▶ _Records for this exercise_
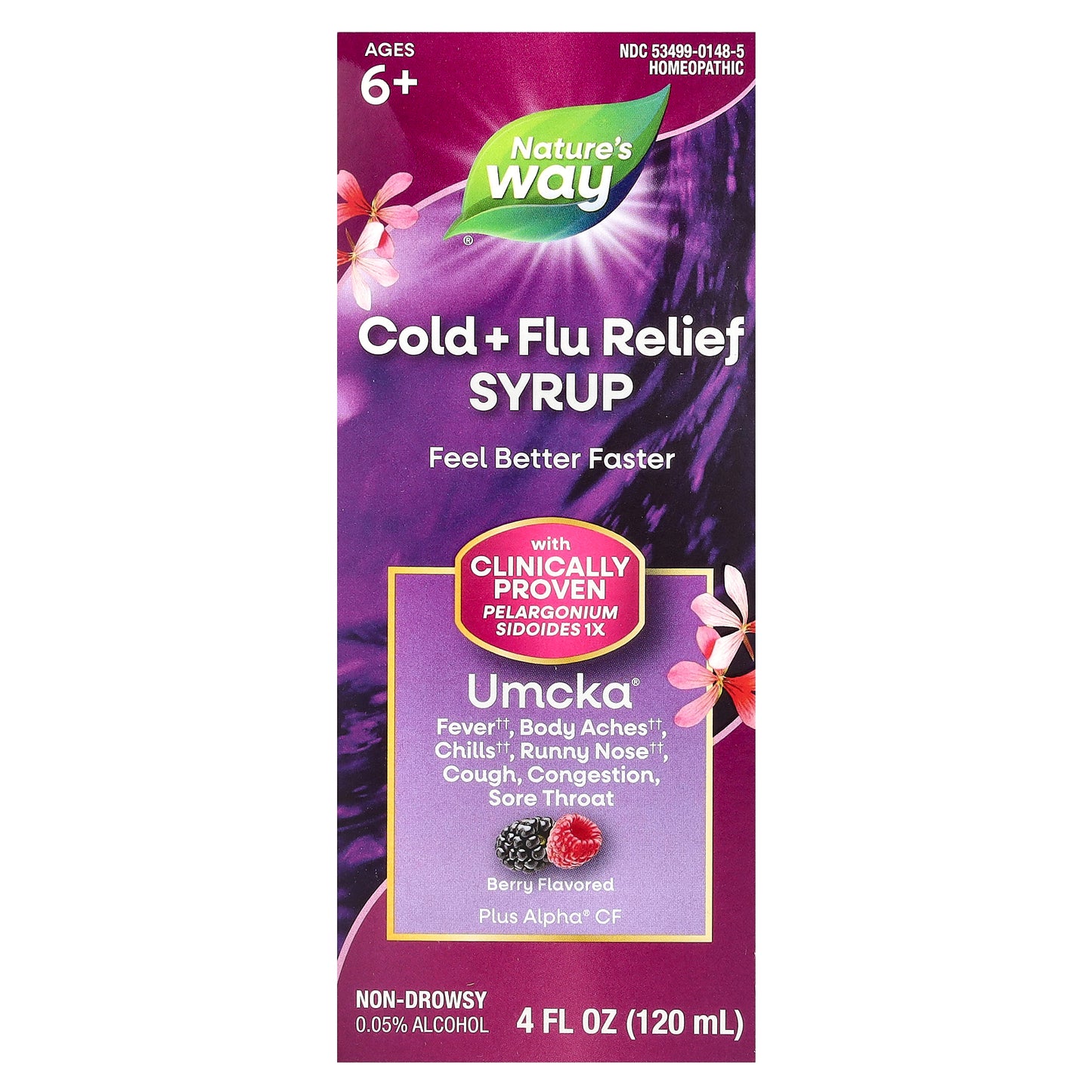 Nature's Way, Umcka®, Cold + Flu Relief, Ages 6+, Berry, 4 fl oz (120 ml)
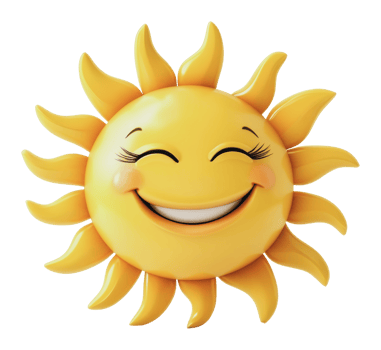 Bright and cheerful sun character with a smile png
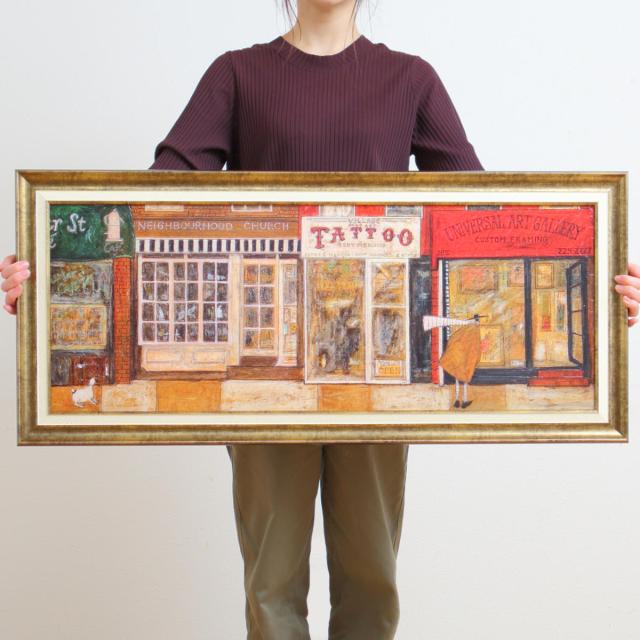 アートパネル サムトフト 『あなたの住む街角で』 94.5×43cm （ 絵画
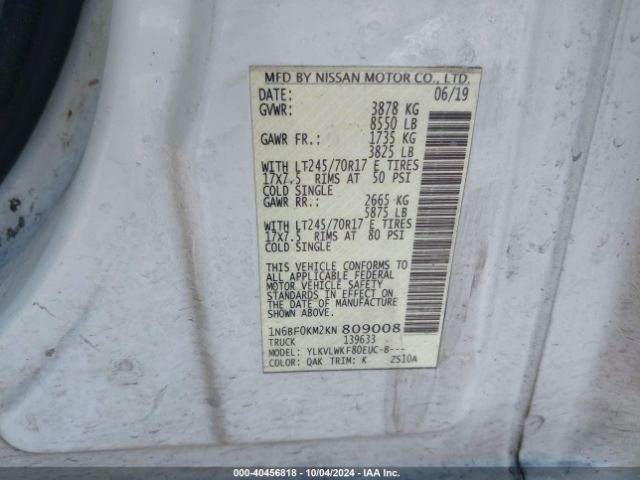 1N6BF0KM2KN809008 Nissan Nv Cargo Nv1500 S V6
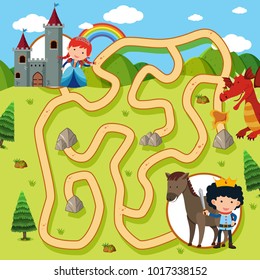 Maze game template with princess and knight illustration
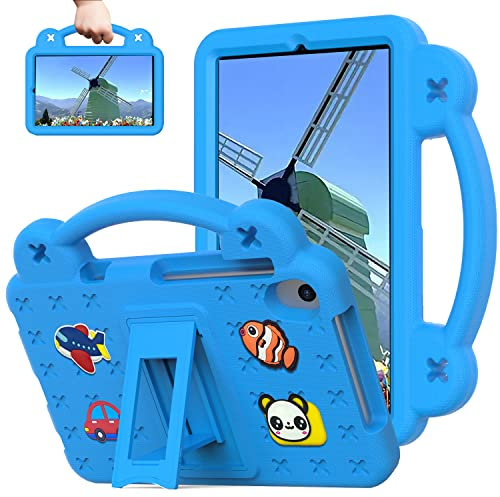 Sfulatdc Custodia per bambini per Lenovo M8 da 8, con cavalletto regolabile e impugnatura antiurto, custodia carina compatibile con Huawei Matepad T8, TCL Tab 8 LE, blu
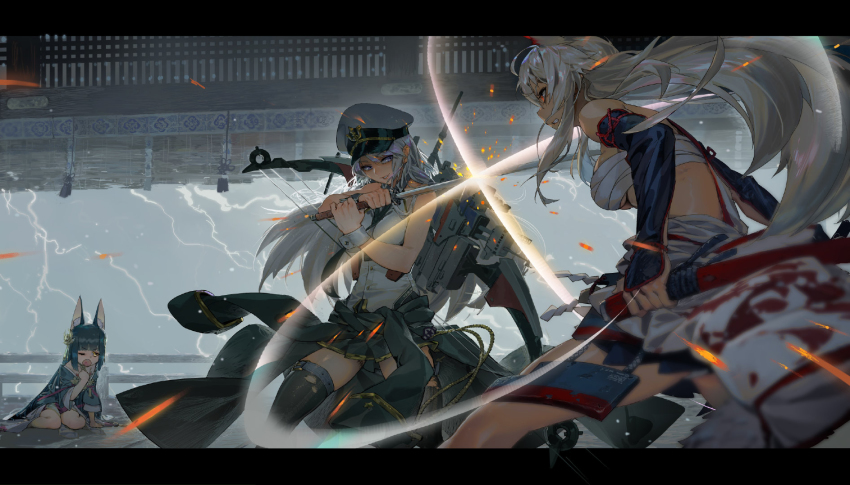 3girls animal_ears armor azur_lane black_hair black_thighhighs blurry blurry_foreground breasts budget_sarashi clash clenched_teeth clothes_around_waist depth_of_field elbow_gloves enterprise_(azur_lane) fingerless_gloves gloves hadanugi_dousa han-0v0 hat highres hyuuga_(azur_lane) jacket jacket_around_waist japanese_armor japanese_clothes katana kimono kusazuri letterboxed lightning long_hair medium_breasts military_hat multiple_girls nagato_(azur_lane) necktie open_clothes open_kimono panties parted_lips pleated_skirt profile purple_eyes red_eyes rigging sarashi sekiro:_shadows_die_twice sheath shirt shoulder_armor sidelocks silver_hair sitting skirt sleeveless sleeveless_shirt smile sode sword teeth thighhighs underboob underwear wariza weapon white_panties wrist_cuffs zettai_ryouiki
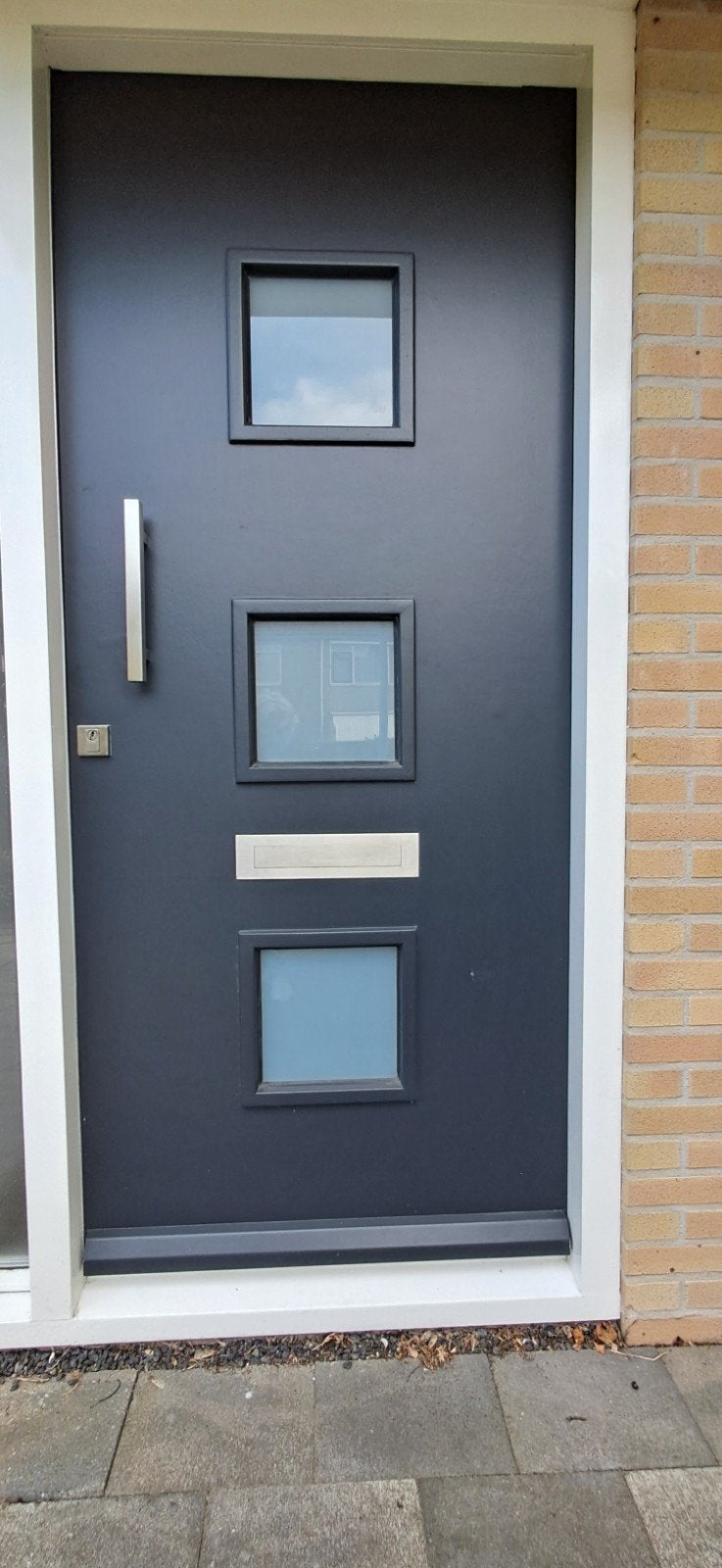 Moderne Buitendeur met Glas, Brievenbus,slot,deurgreep, Ophalen, 80 tot 100 cm, Glas, 200 tot 215 cm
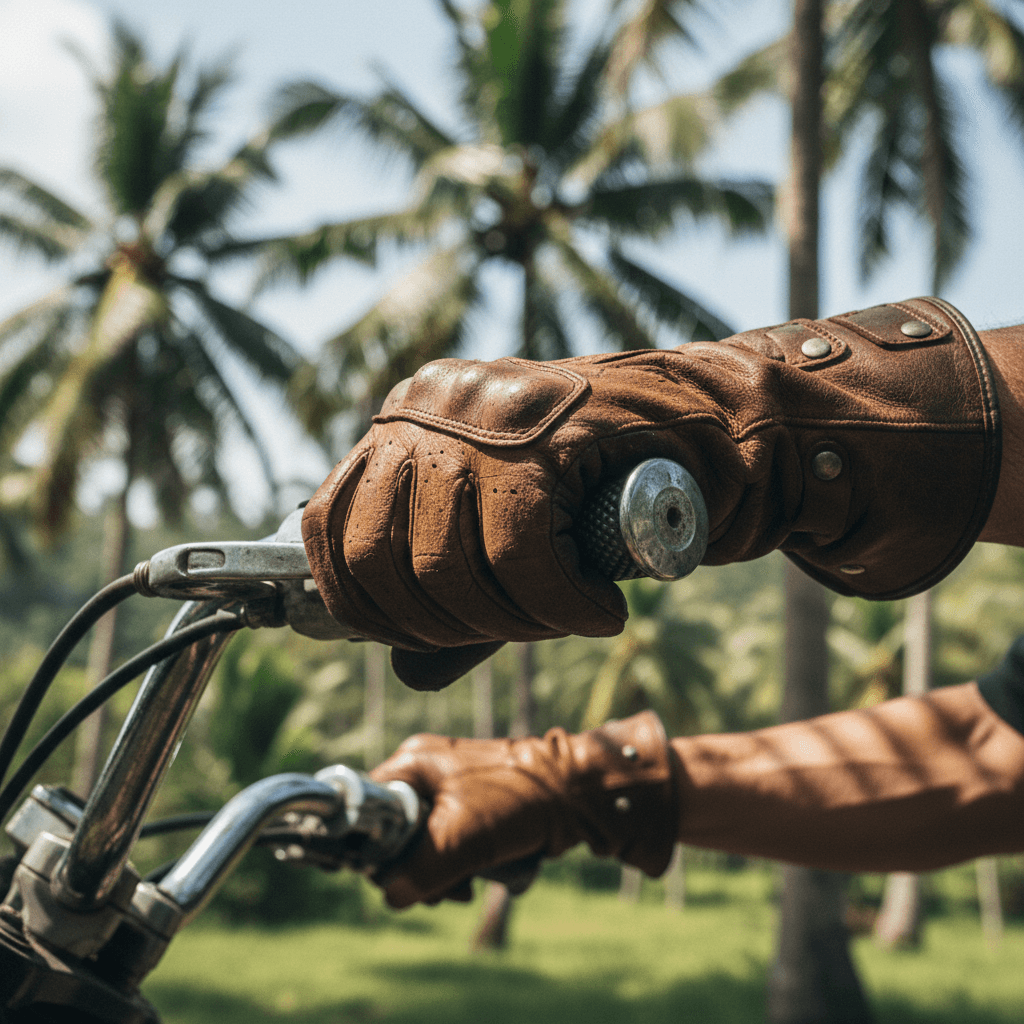 Hands on motorcycle handlebars during ride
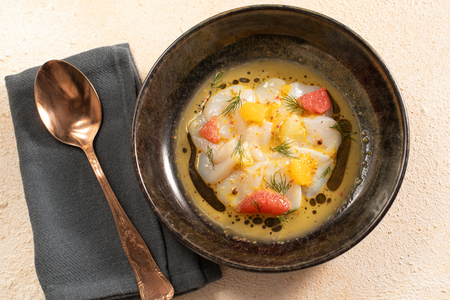 Scallop carpaccio with citrus
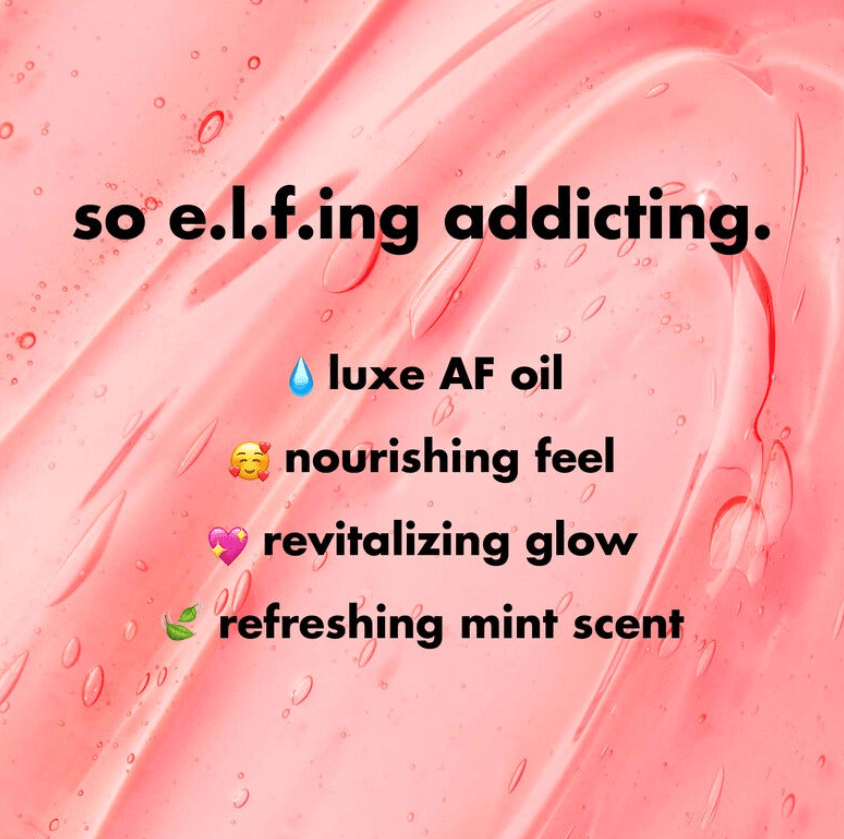 Pink background with text highlighting benefits of e.l.f Glow Reviver Lip Oil: luxe oil, nourishing feel, revitalizing glow, mint scent.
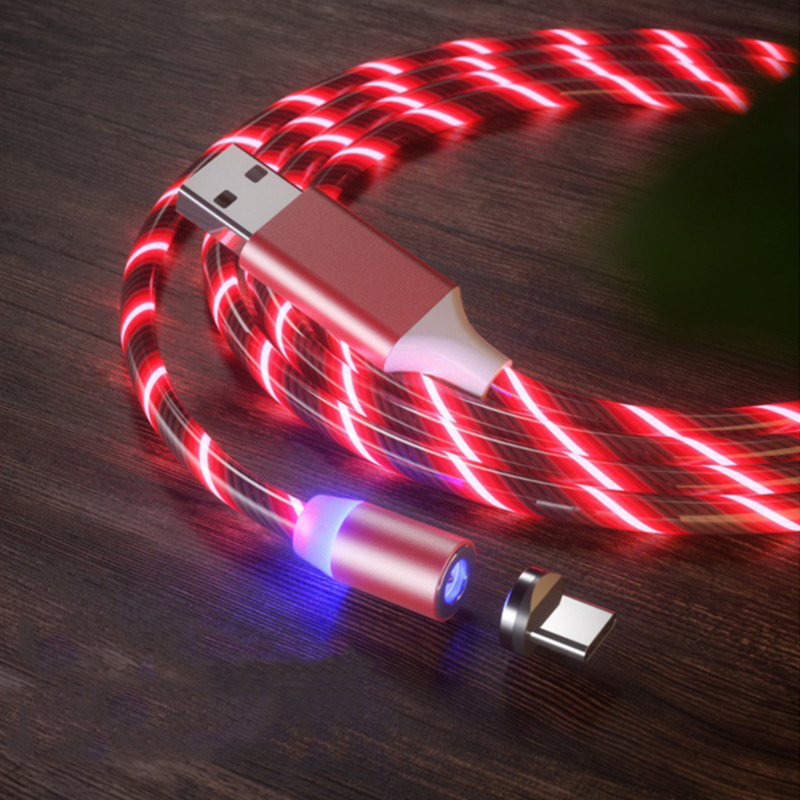 LED Lighting Fast Charging Magnetic USB Type C Cable Magnetic Cable USB Micro Charger Cable Wire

▶ _Exercise_
The response should hold only an exact retyping of the lines from the beginning of the data through the line containing "Maze game template", both ends kept, pictures omitted.

▶ _Written reply_
 Nature's Way, Umcka®, Cold + Flu Relief, Ages 6+, Berry, 4 fl oz (120 ml)
 Bright and cheerful sun character with a smile png
 アートパネル サムトフト 『あなたの住む街角で』 94.5×43cm （ 絵画
 1N6BF0KM2KN809008 Nissan Nv Cargo Nv1500 S V6
 Maze game template with princess and knight illustration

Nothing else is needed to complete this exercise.